Work required
Once the pictures are set aside, copy the data below exactly as it stands.

Entries supplied: Begin

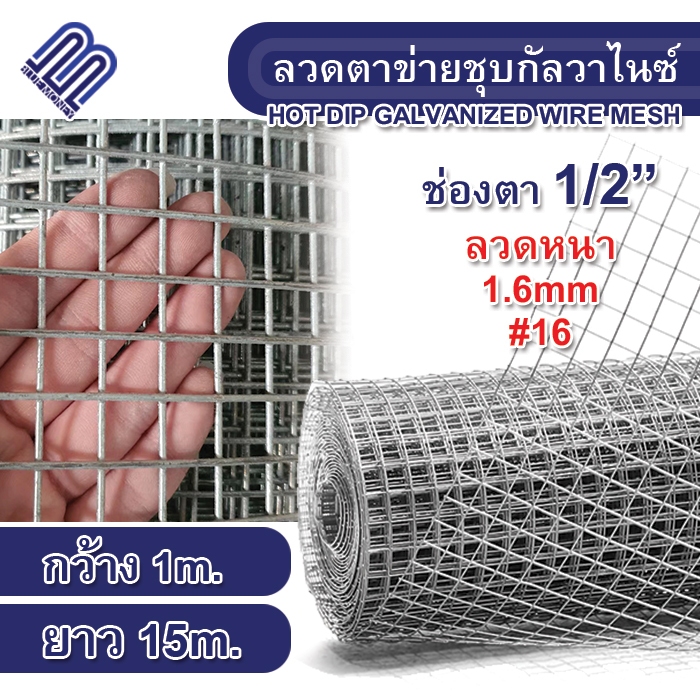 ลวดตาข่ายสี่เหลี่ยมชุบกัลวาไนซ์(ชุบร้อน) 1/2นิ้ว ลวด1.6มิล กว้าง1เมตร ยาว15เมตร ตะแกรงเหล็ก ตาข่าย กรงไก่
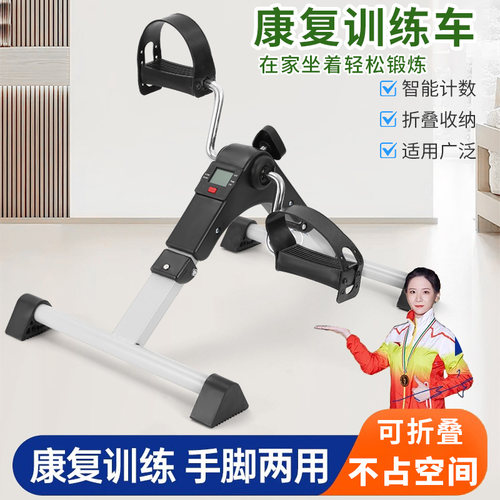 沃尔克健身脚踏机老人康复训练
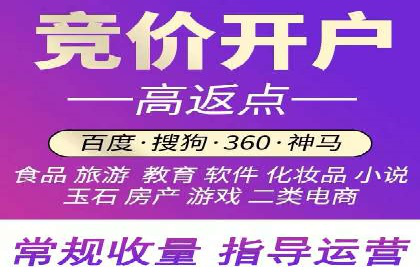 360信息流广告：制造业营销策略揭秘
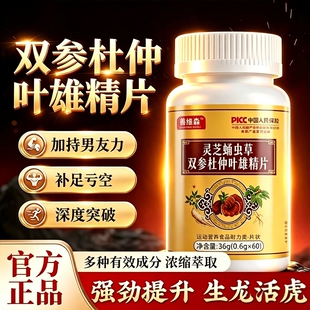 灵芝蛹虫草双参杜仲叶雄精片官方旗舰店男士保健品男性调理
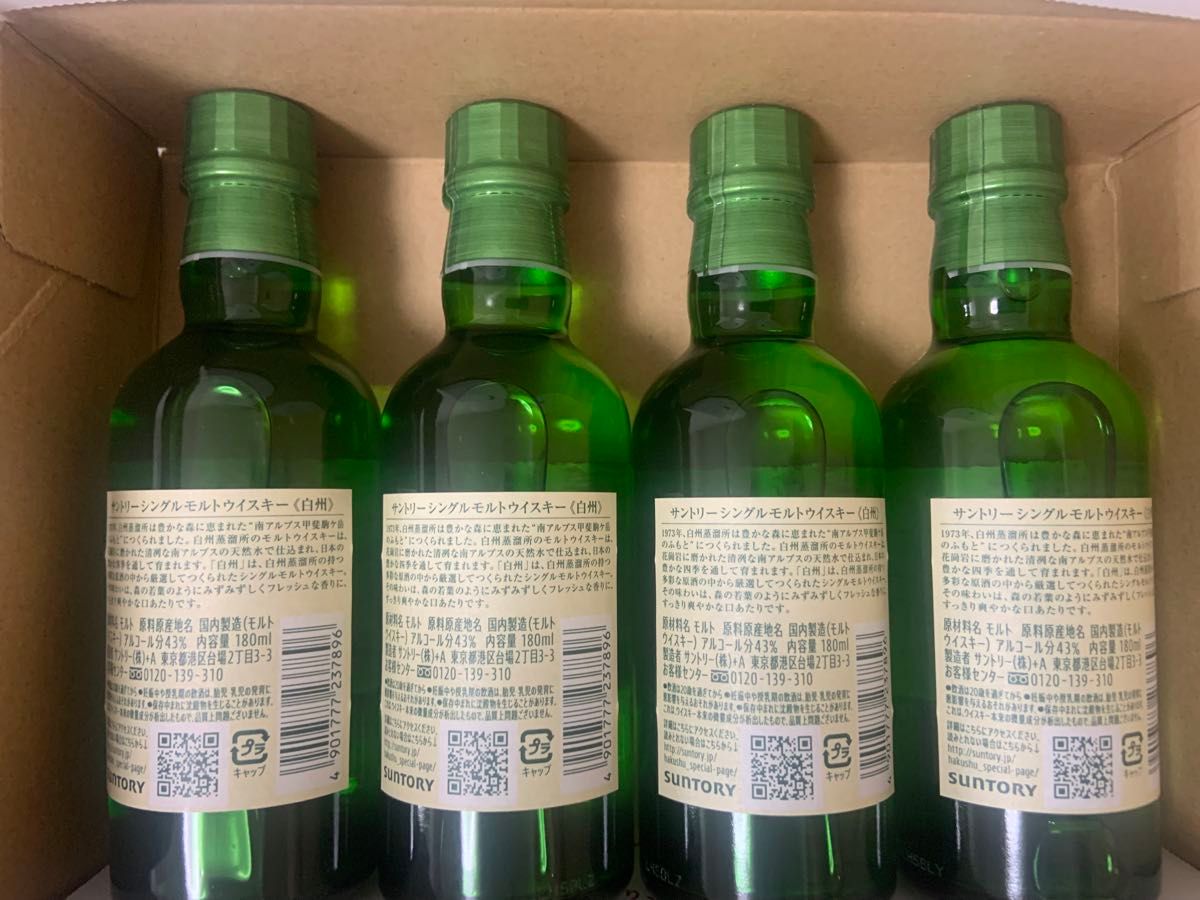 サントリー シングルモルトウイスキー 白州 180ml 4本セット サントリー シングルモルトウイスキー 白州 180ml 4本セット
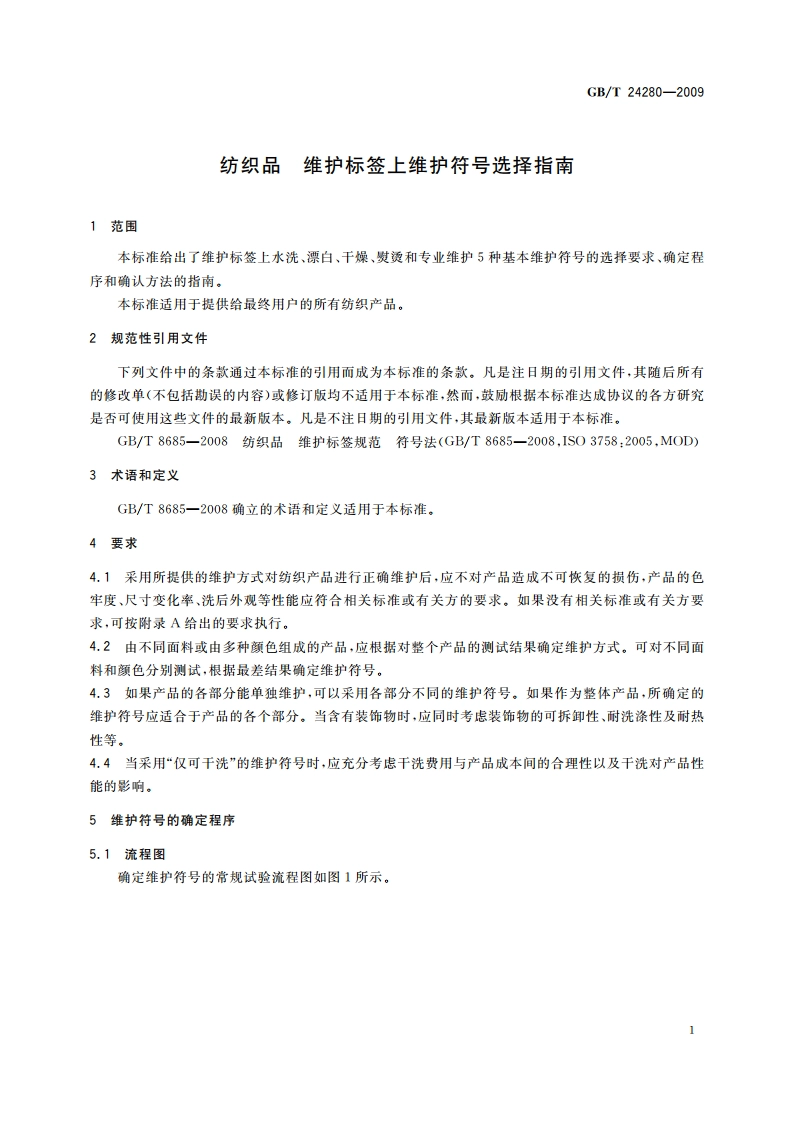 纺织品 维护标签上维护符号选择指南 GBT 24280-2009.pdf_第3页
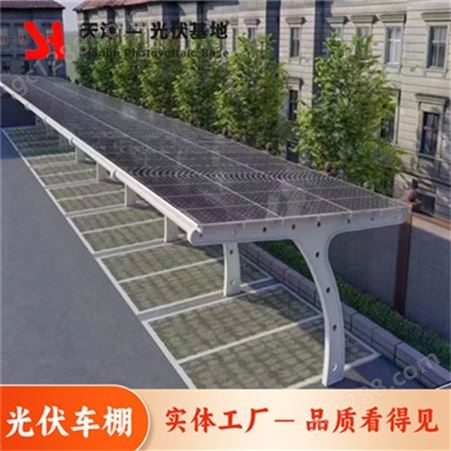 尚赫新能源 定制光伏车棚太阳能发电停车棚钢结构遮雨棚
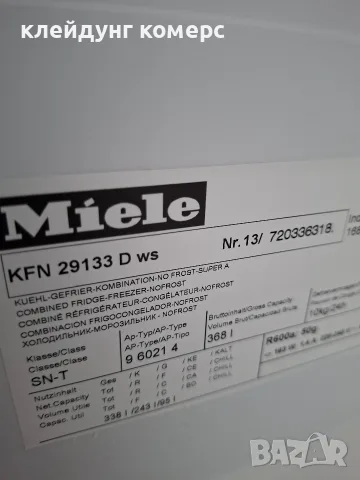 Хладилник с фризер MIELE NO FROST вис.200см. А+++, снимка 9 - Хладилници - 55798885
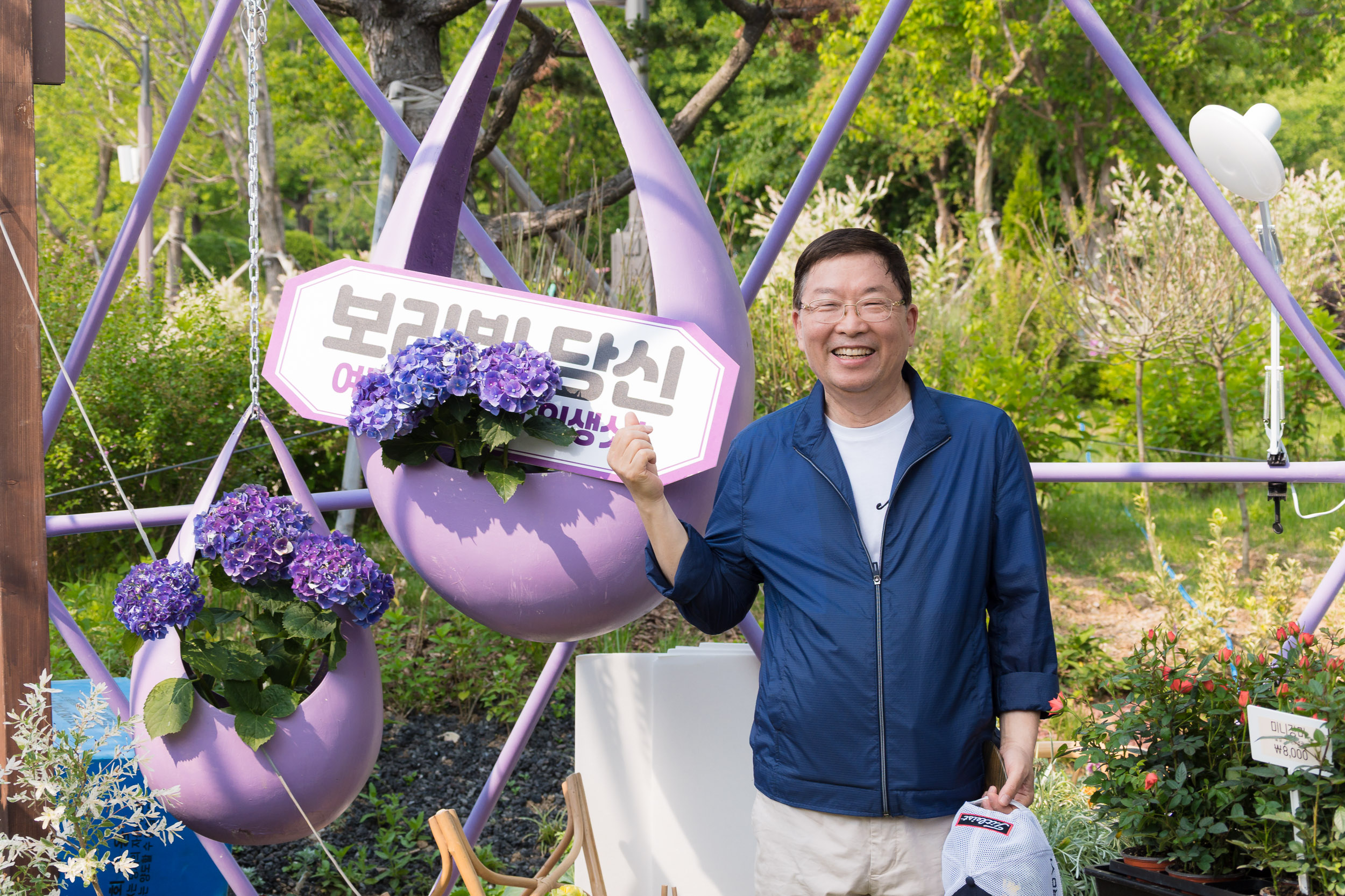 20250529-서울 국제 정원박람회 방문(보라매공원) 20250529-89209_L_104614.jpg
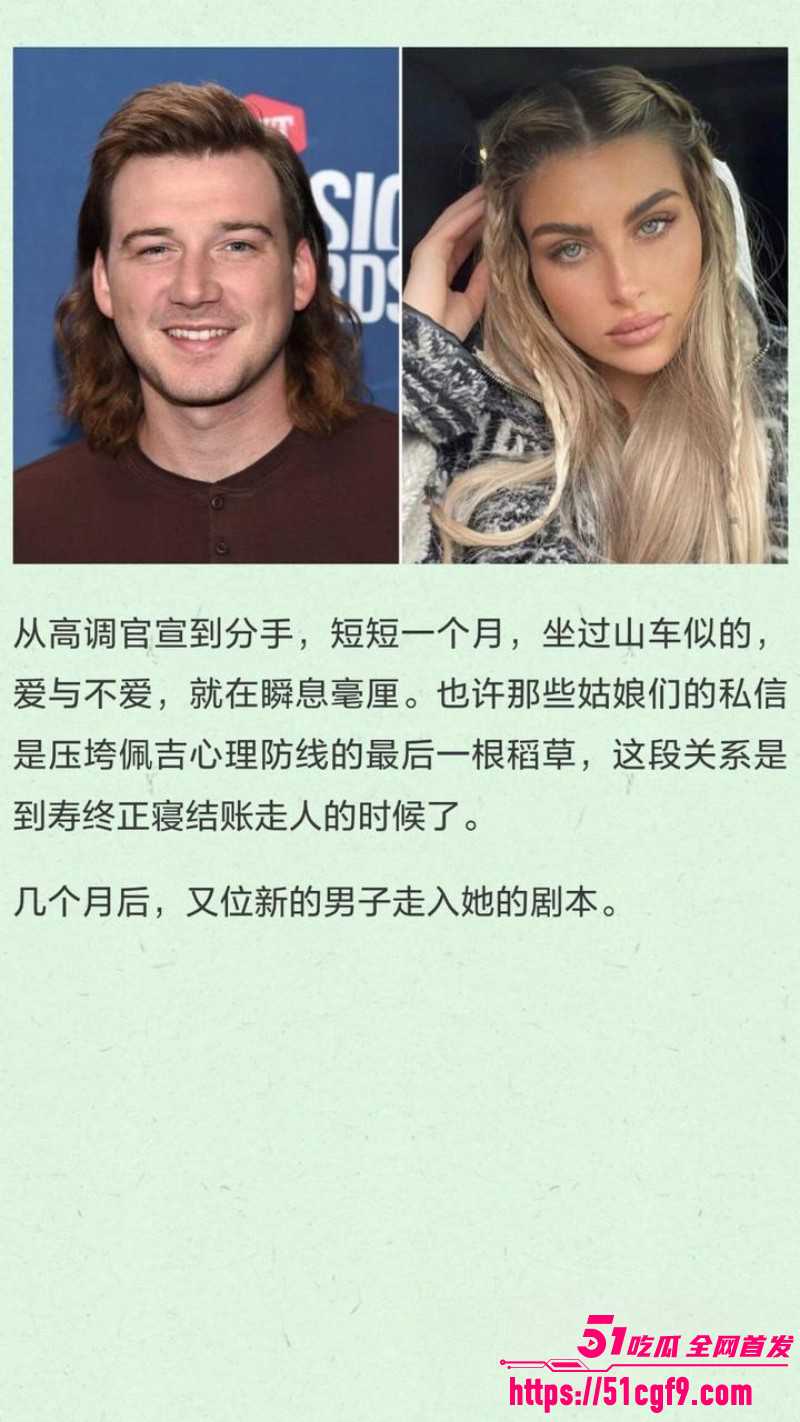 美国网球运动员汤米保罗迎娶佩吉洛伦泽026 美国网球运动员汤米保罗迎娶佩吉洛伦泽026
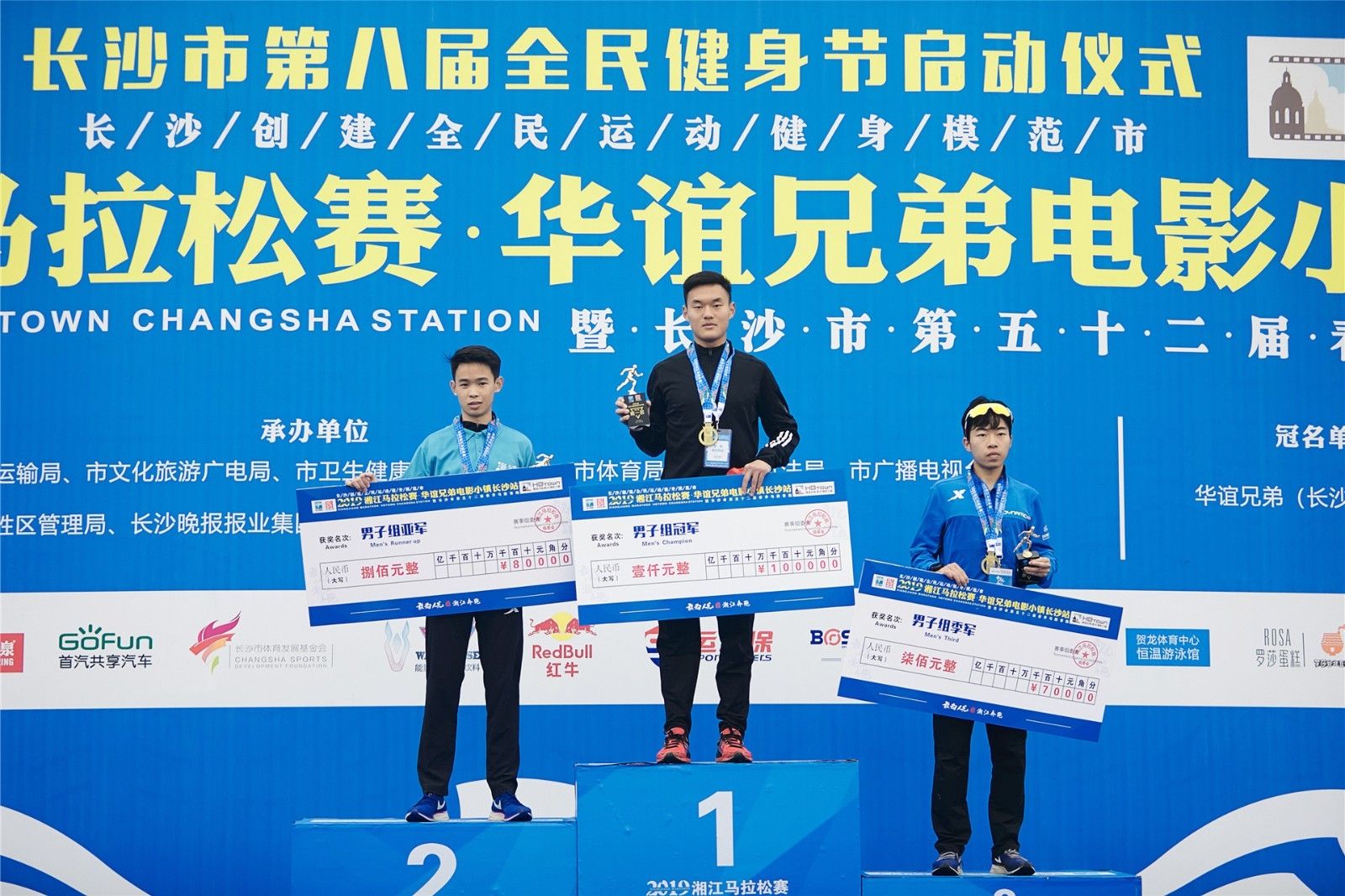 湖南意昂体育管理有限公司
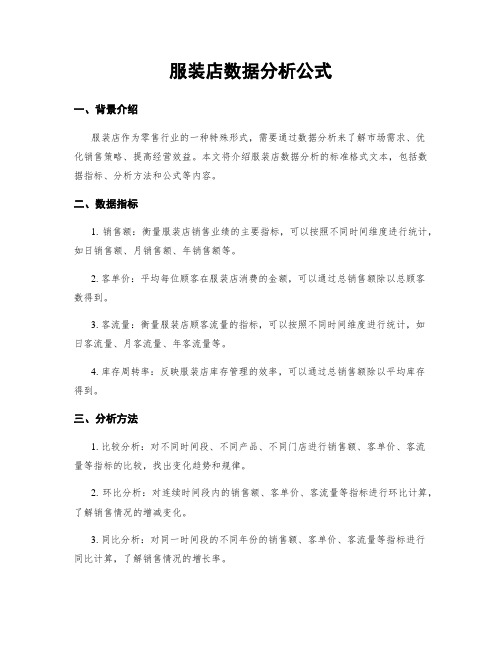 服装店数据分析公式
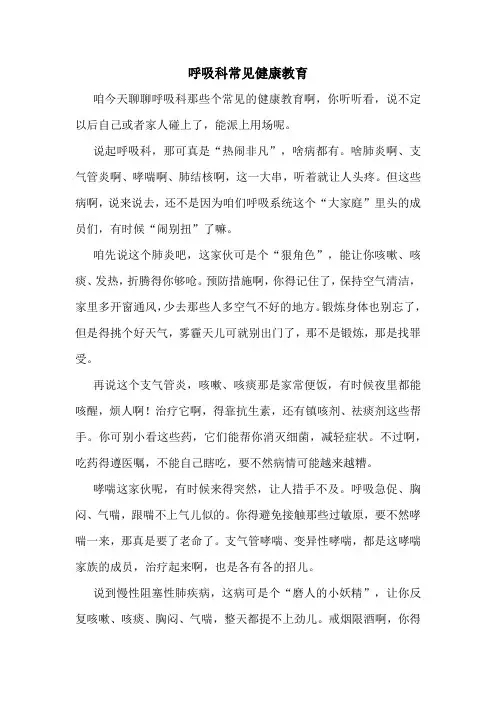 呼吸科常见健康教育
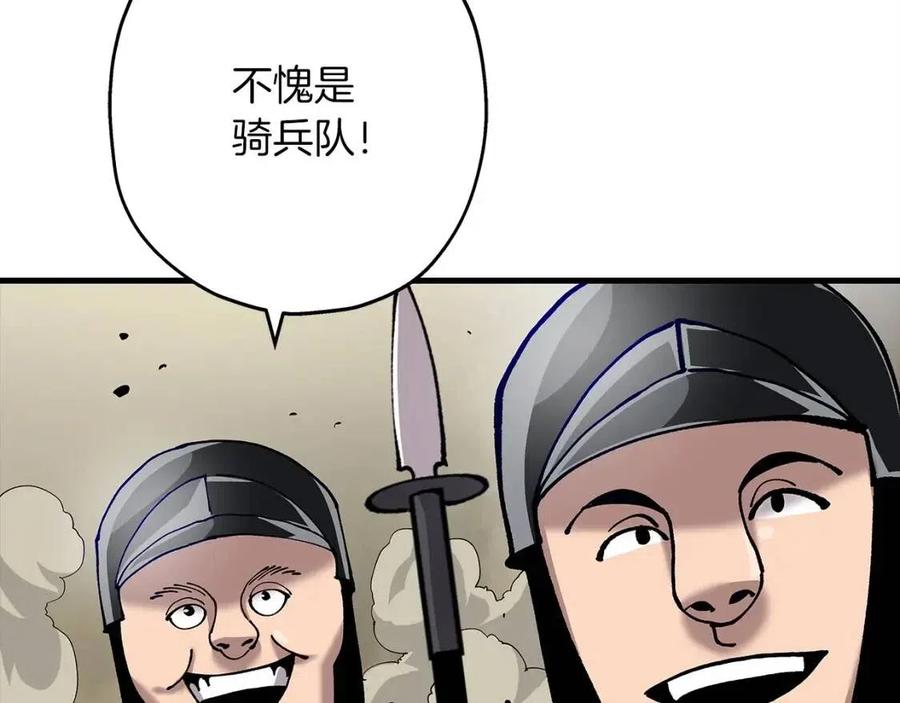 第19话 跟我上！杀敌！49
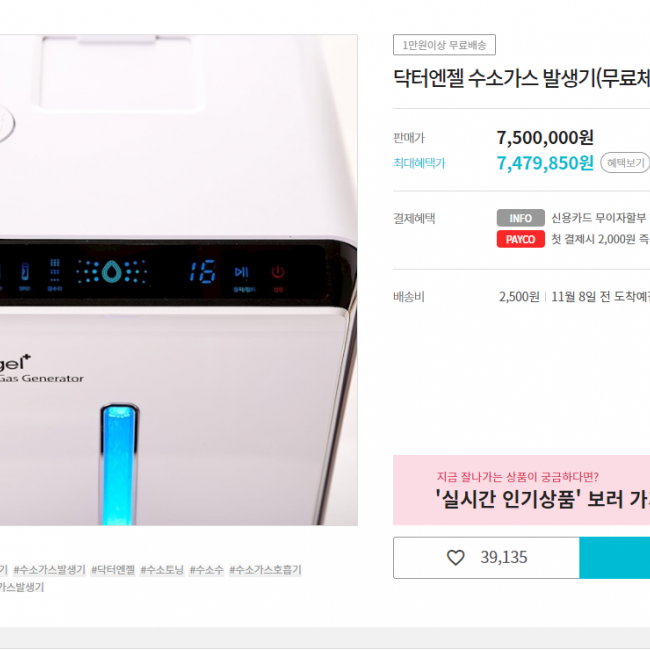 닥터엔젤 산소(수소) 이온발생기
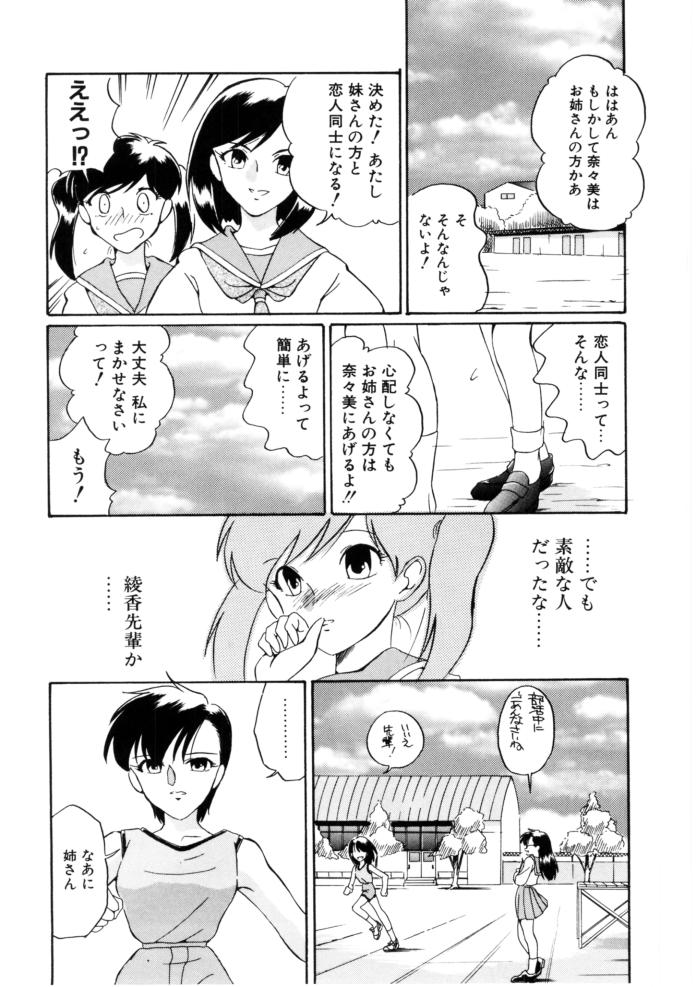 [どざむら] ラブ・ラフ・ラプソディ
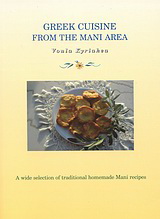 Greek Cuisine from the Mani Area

Entries supplied: End

Solution
 ลวดตาข่ายสี่เหลี่ยมชุบกัลวาไนซ์(ชุบร้อน) 1/2นิ้ว ลวด1.6มิล กว้าง1เมตร ยาว15เมตร ตะแกรงเหล็ก ตาข่าย กรงไก่
 沃尔克健身脚踏机老人康复训练
 360信息流广告：制造业营销策略揭秘
 灵芝蛹虫草双参杜仲叶雄精片官方旗舰店男士保健品男性调理
 サントリー シングルモルトウイスキー 白州 180ml 4本セット サントリー シングルモルトウイスキー 白州 180ml 4本セット
 纺织品 维护标签上维护符号选择指南 GBT 24280-2009.pdf_第3页
 尚赫新能源 定制光伏车棚太阳能发电停车棚钢结构遮雨棚
 Хладилник с фризер MIELE NO FROST вис.200см. А+++, снимка 9 - Хладилници - 55798885
 20250529-서울 국제 정원박람회 방문(보라매공원) 20250529-89209_L_104614.jpg
 美国网球运动员汤米保罗迎娶佩吉洛伦泽026 美国网球运动员汤米保罗迎娶佩吉洛伦泽026
 湖南意昂体育管理有限公司
 服装店数据分析公式
 呼吸科常见健康教育
 第19话 跟我上！杀敌！49
 닥터엔젤 산소(수소) 이온발생기
 [どざむら] ラブ・ラフ・ラプソディ
 Greek Cuisine from the Mani Area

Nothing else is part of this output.